* [Task objective] Write out the records below exactly as they appear, skipping each picture.

+---+

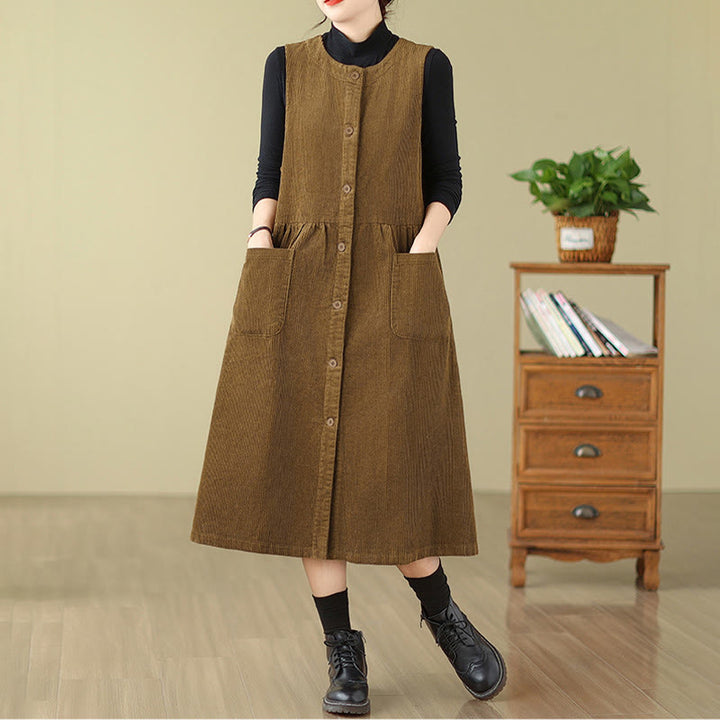 Robe mi-longue sans manches en velours côtelé de coton avec poches et boutons rétro Motif Buddha Stones Fall - image 15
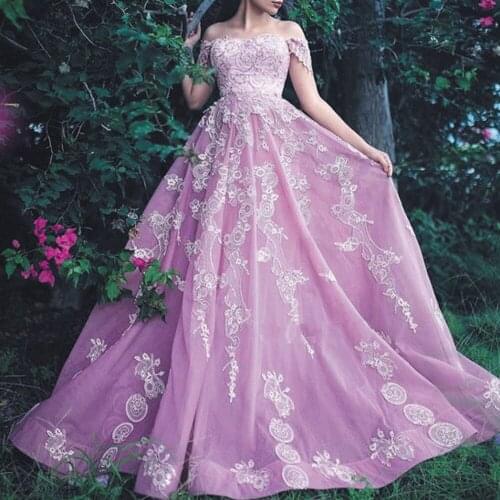 SuperKimJo Vestido De Fiesta Pink Prom Dresses Long Boat Neck Lace Applique Elegant Prom Gown Vestido De Gala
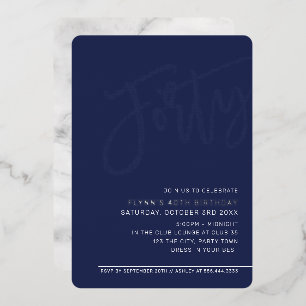 MODERN SCRIPT 40ste verjaardag marjoen blauw Folie Uitnodiging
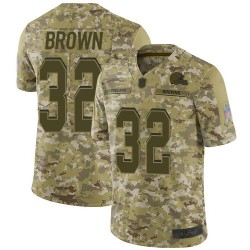 Limited Youth Jim Brown Camo Jersey - #32 Football Cleveland Browns 2018 Salute to Service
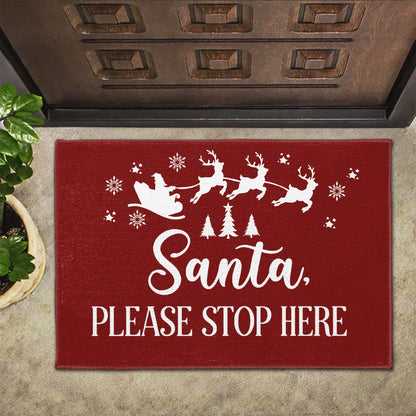 Santa Please Stop Here With Reindeer And Christmas Trees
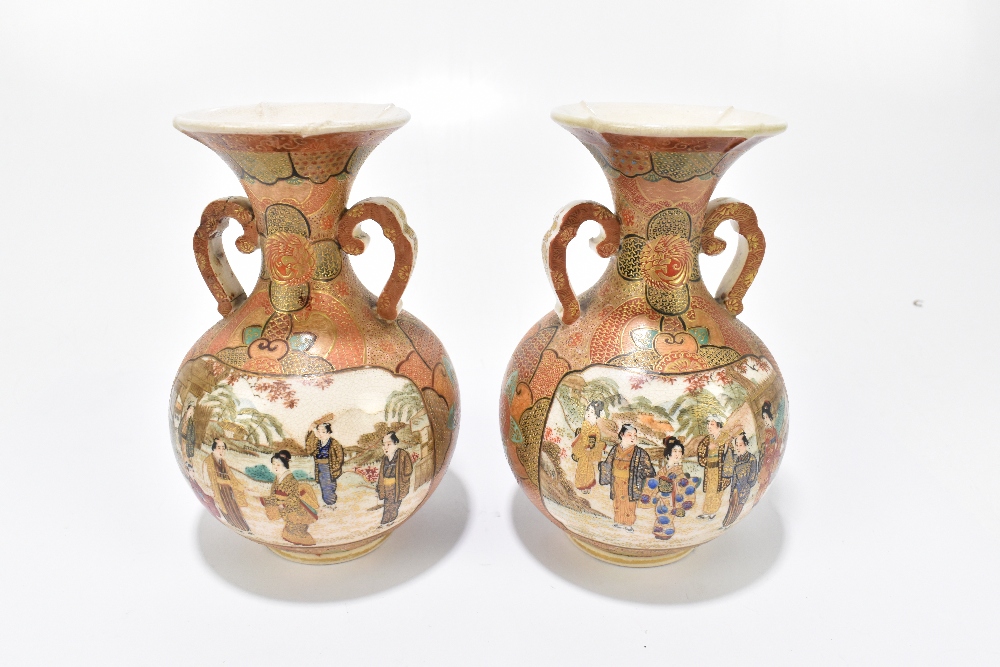 Seven pieces of early 20th century Japanese Satsuma comprising a pair of baluster form twin - Image 8 of 10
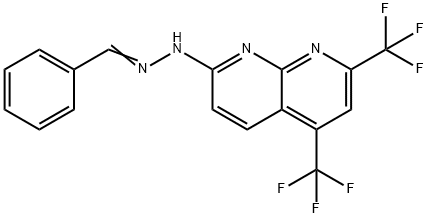 Benzaldehyde, [5,7-bis(trifluoromethyl)-1,8-naphthyridin-2-yl]hydrazone (9CI) 化学構造式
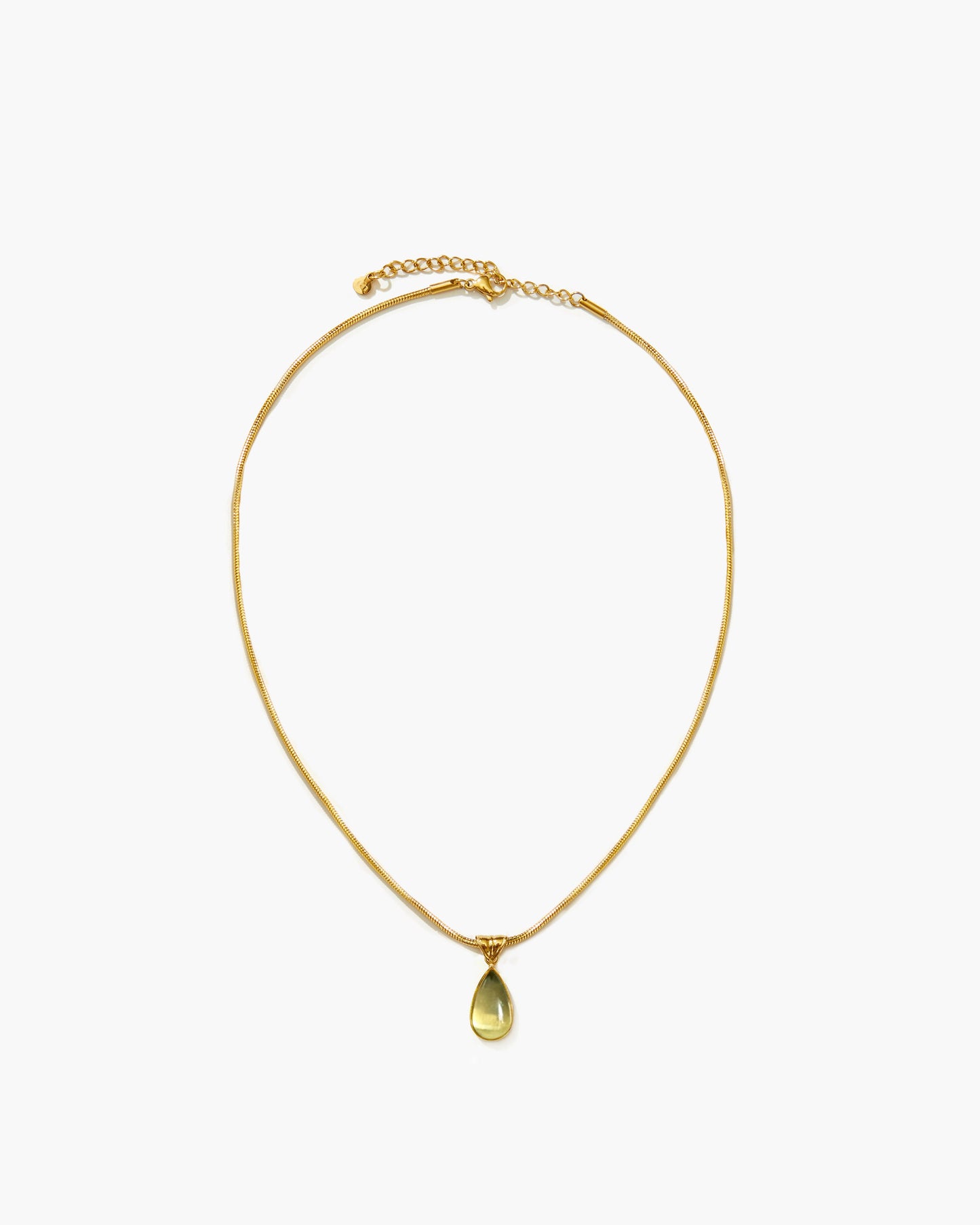 Damen Halskette Gold mit Tropfen Anhänger wasserfest hypoallergen Edelstahl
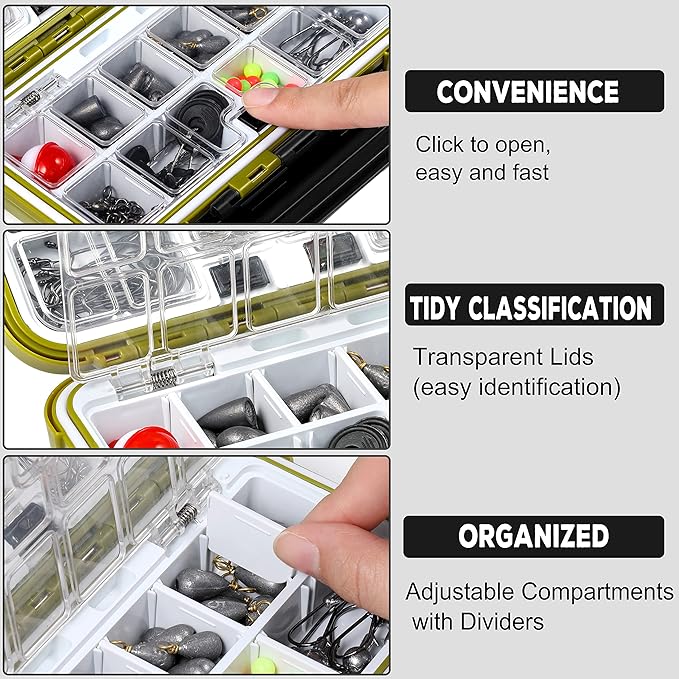 TOPFORT 187/343pcs Fishing Accessories Kit, Organized Fishing Tackle Box with Tackle Included, Fishing Hooks, Fishing Weights Sinkers, Fishing Gear and Equipment, Fishing Gift for Men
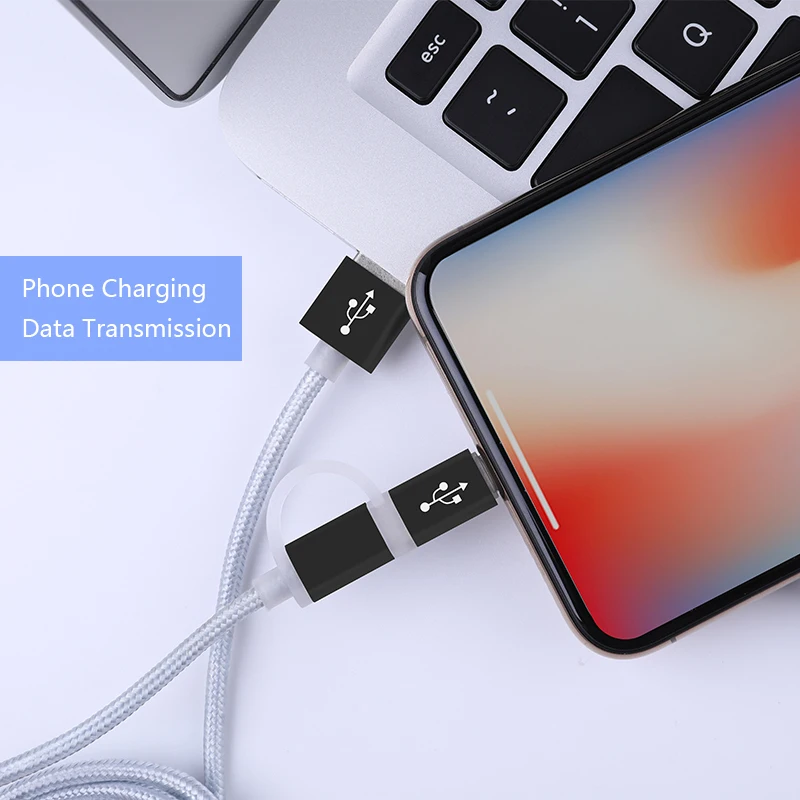 Кабель Nillkin 2 в 1 Micro USB + для зарядки iPhone usb-кабель передачи данных Xiaomi Samsung мобильный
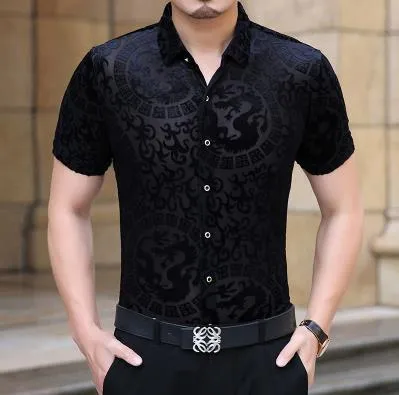 Men's Summer Casual Geometric Pattern Slim Hollow Out Short Sleeve Shirt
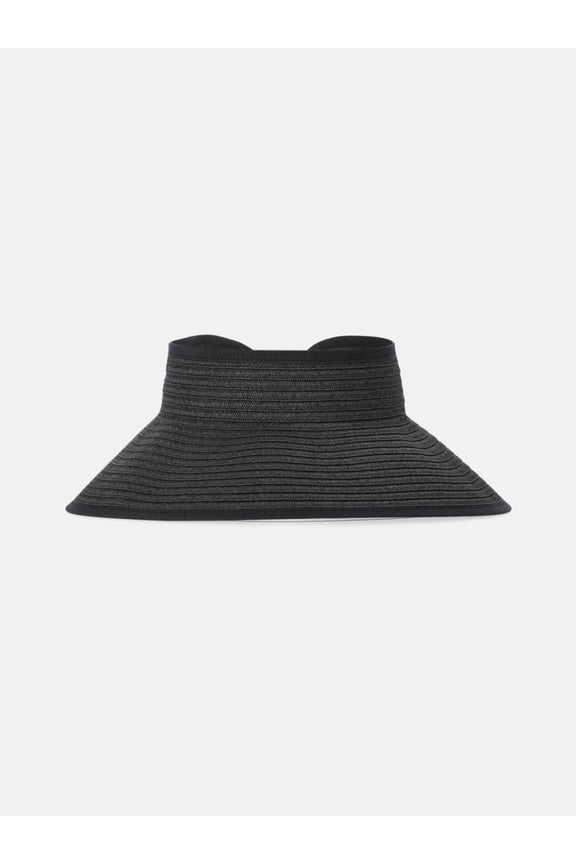 Women's Packable Straw Visor Hat, Black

+---+

* [Finished task]
 Robe mi-longue sans manches en velours côtelé de coton avec poches et boutons rétro Motif Buddha Stones Fall - image 15
 SuperKimJo Vestido De Fiesta Pink Prom Dresses Long Boat Neck Lace Applique Elegant Prom Gown Vestido De Gala
 MODERN SCRIPT 40ste verjaardag marjoen blauw Folie Uitnodiging
 Limited Youth Jim Brown Camo Jersey - #32 Football Cleveland Browns 2018 Salute to Service
 Santa Please Stop Here With Reindeer And Christmas Trees
 Seven pieces of early 20th century Japanese Satsuma comprising a pair of baluster form twin - Image 8 of 10
 Benzaldehyde, [5,7-bis(trifluoromethyl)-1,8-naphthyridin-2-yl]hydrazone (9CI) 化学構造式
 Damen Halskette Gold mit Tropfen Anhänger wasserfest hypoallergen Edelstahl
 TOPFORT 187/343pcs Fishing Accessories Kit, Organized Fishing Tackle Box with Tackle Included, Fishing Hooks, Fishing Weights Sinkers, Fishing Gear and Equipment, Fishing Gift for Men
 Кабель Nillkin 2 в 1 Micro USB + для зарядки iPhone usb-кабель передачи данных Xiaomi Samsung мобильный
 Men's Summer Casual Geometric Pattern Slim Hollow Out Short Sleeve Shirt
 Women's Packable Straw Visor Hat, Black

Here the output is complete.